-- Opening Marker --
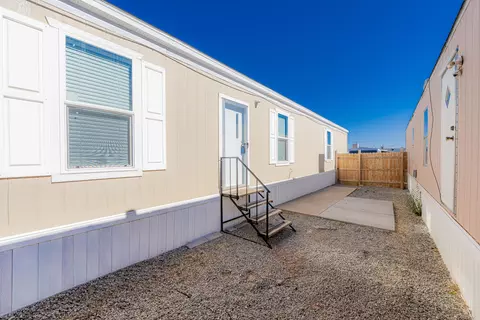 300 Moon St SE #14, Albuquerque, NM 87123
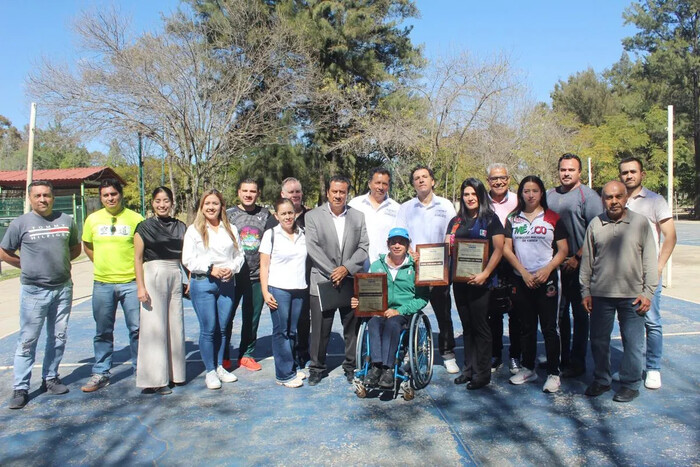 Entrenadores michoacanos reconocen a atletas y entrenadora paralímpicos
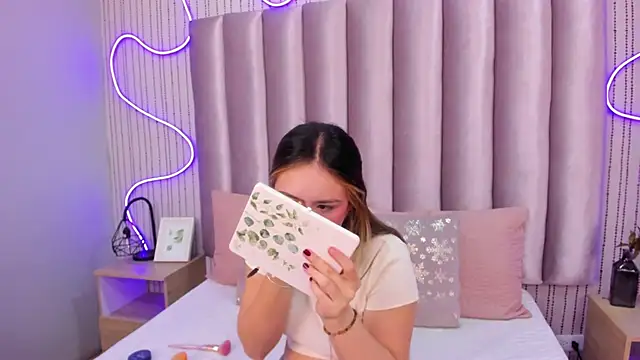 SamanthaPeachss online show from 8, 11, 2025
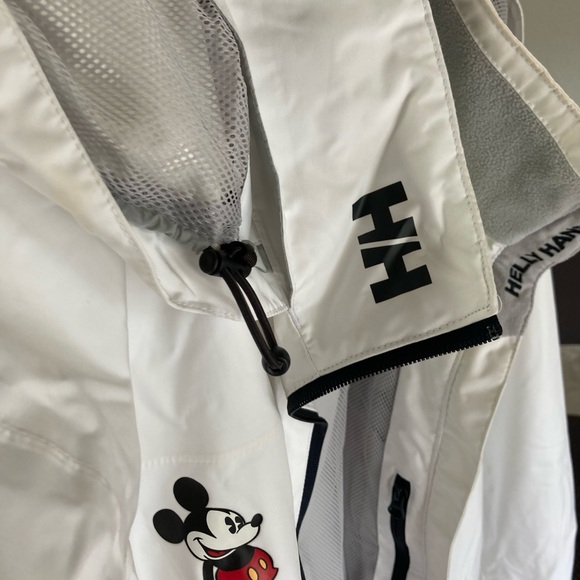 Helly Hansen Disney jacket - Picture 7 of 10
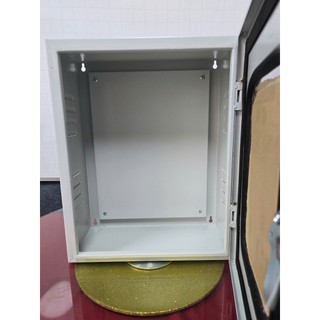 Vỏ Tủ Điện Solar 500x400x200 Có Mica Sơn Tĩnh Điện Tôn Mạ Kẽm Cho Inverter Năng Lượng Mặt Trời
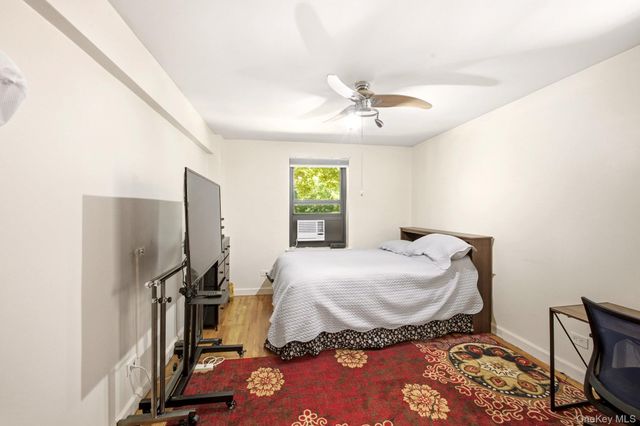 75-05 210 2P, Oakland Gardens, NY 11364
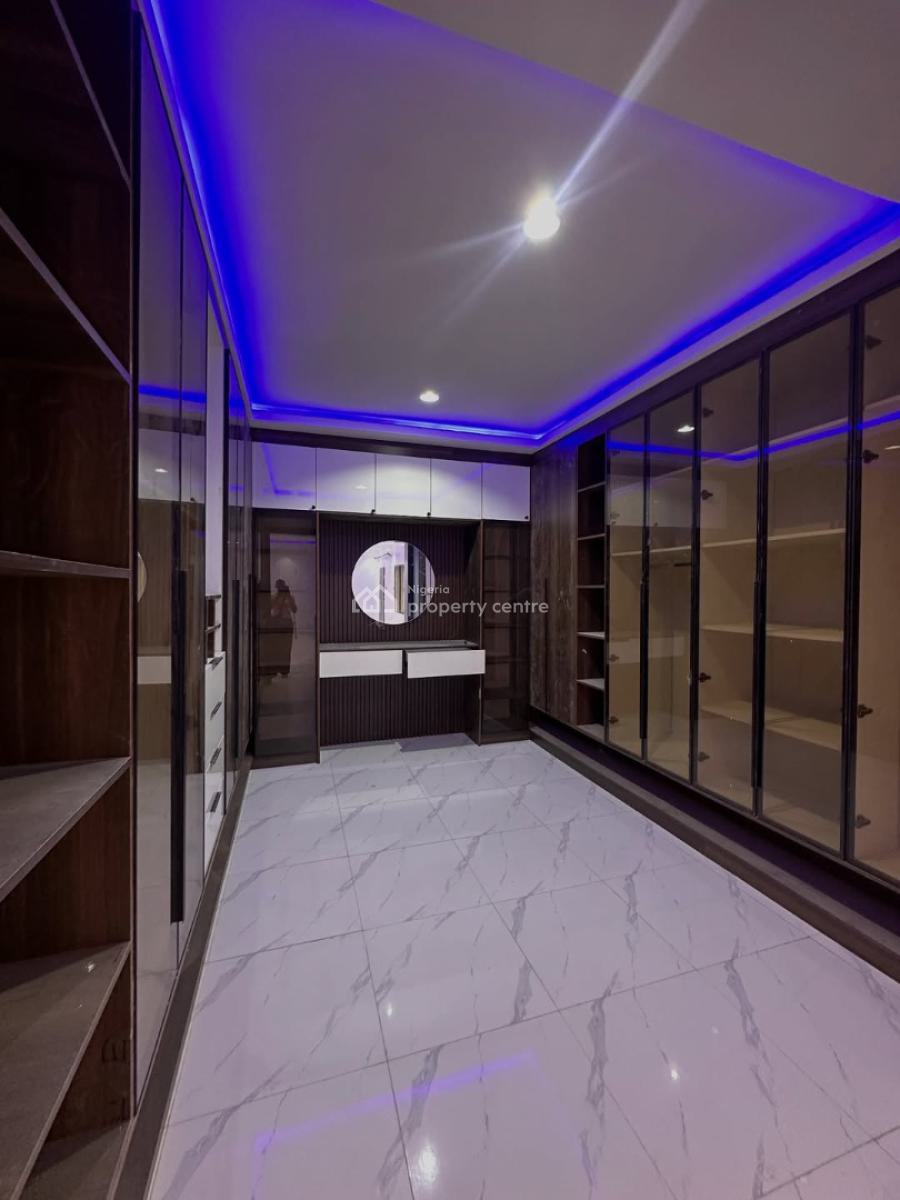 Brand New 5 Bedroom Semi-detached Duplex with Bq, Swimming Pool, Guzape, Guzape District, Abuja, Terraced Duplex for Rent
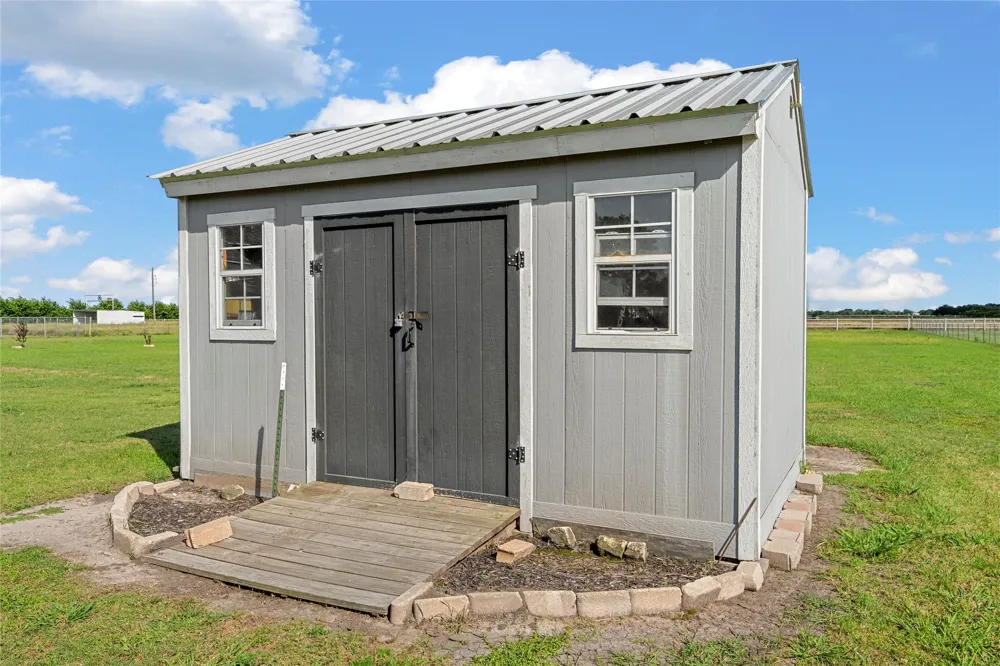 5330 Leroy Parkway West, TX 76691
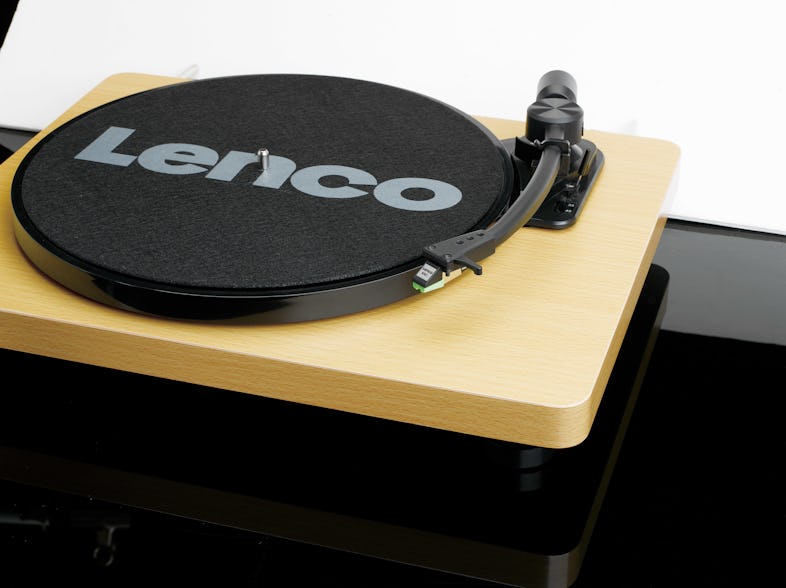 Marktplatz Audio-Plattenspieler mit | METRO L-30 Plattenspieler Lenco WOOD Riemenantrieb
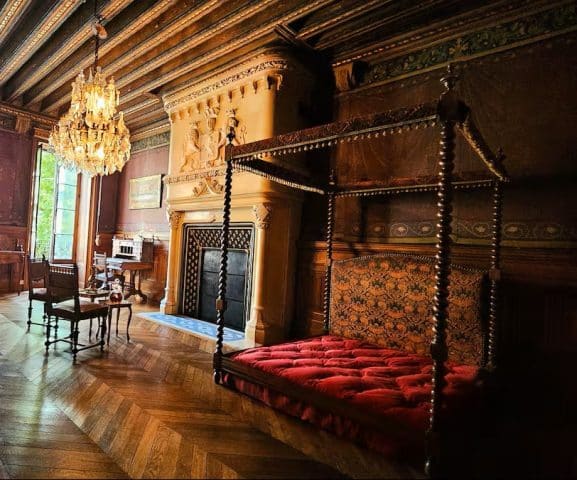 Louis XI royal suite at Beaujeu, Beaujolais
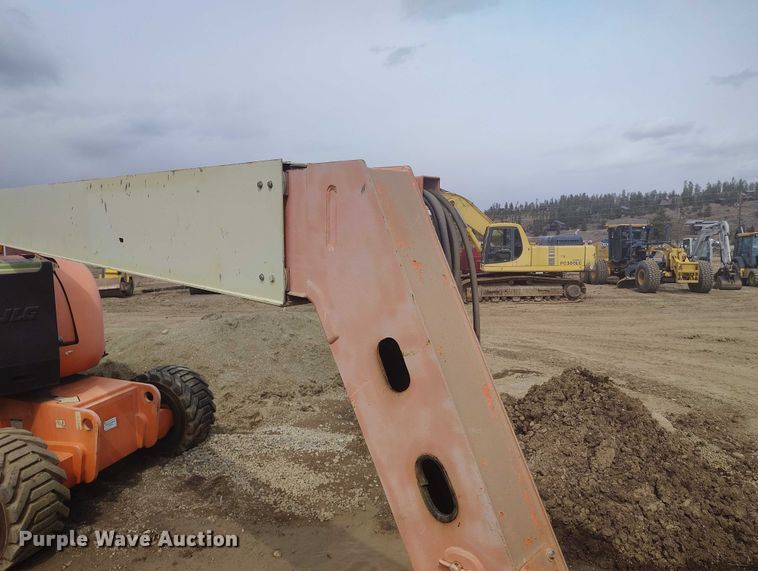 image for item IH9483 2007 JLG 800A boom lift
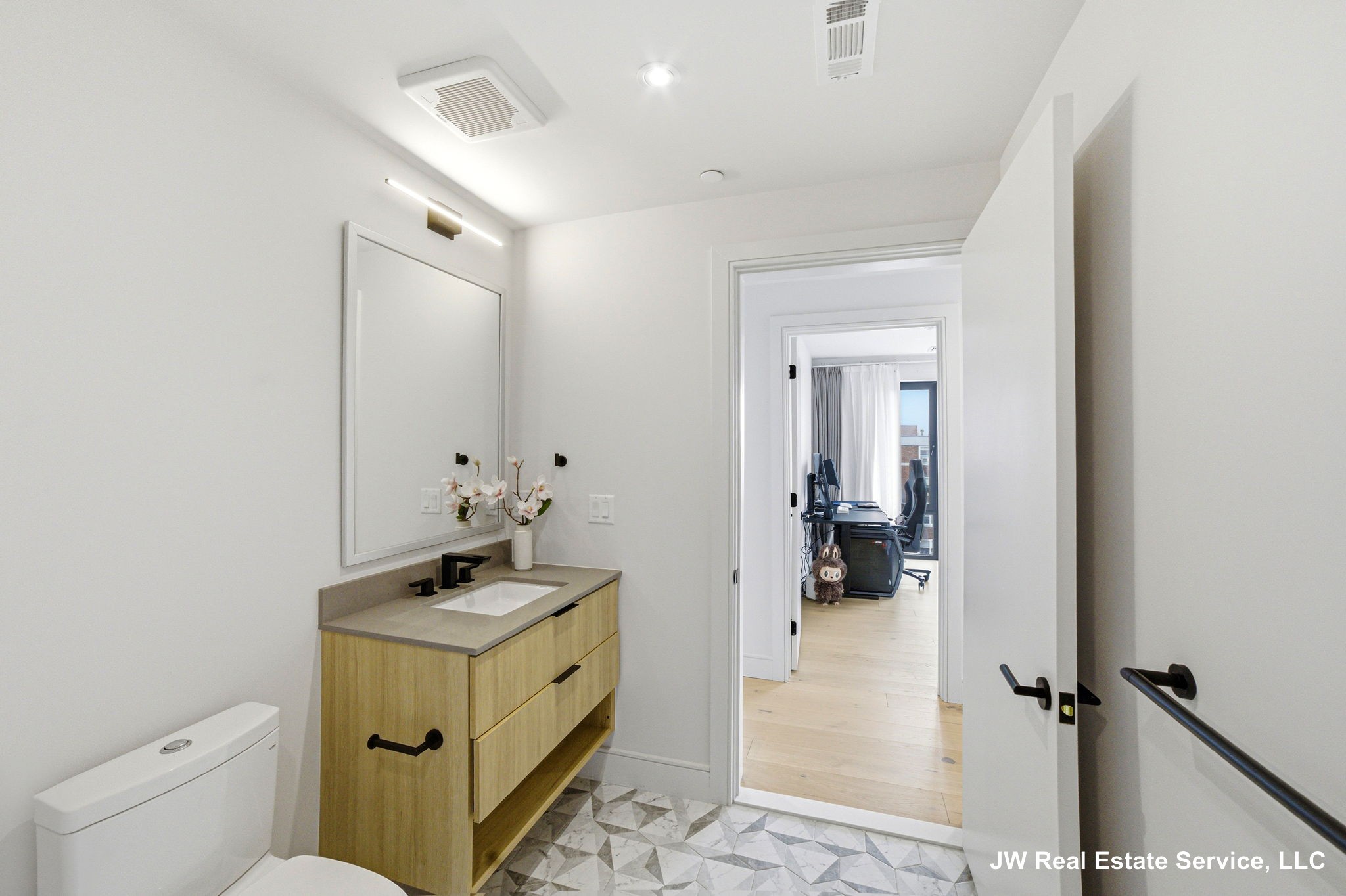 1 nevins hill way — Brighton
-- Closing Marker --
WHAT YOU HAVE TO DO
Every line from the one containing "Marktplatz Audio-Plattenspieler mit" through the last line of the records is to be reproduced exactly, with pictures left out and nothing else given.

REPLY
 Marktplatz Audio-Plattenspieler mit | METRO L-30 Plattenspieler Lenco WOOD Riemenantrieb
 Louis XI royal suite at Beaujeu, Beaujolais
 image for item IH9483 2007 JLG 800A boom lift
 1 nevins hill way — Brighton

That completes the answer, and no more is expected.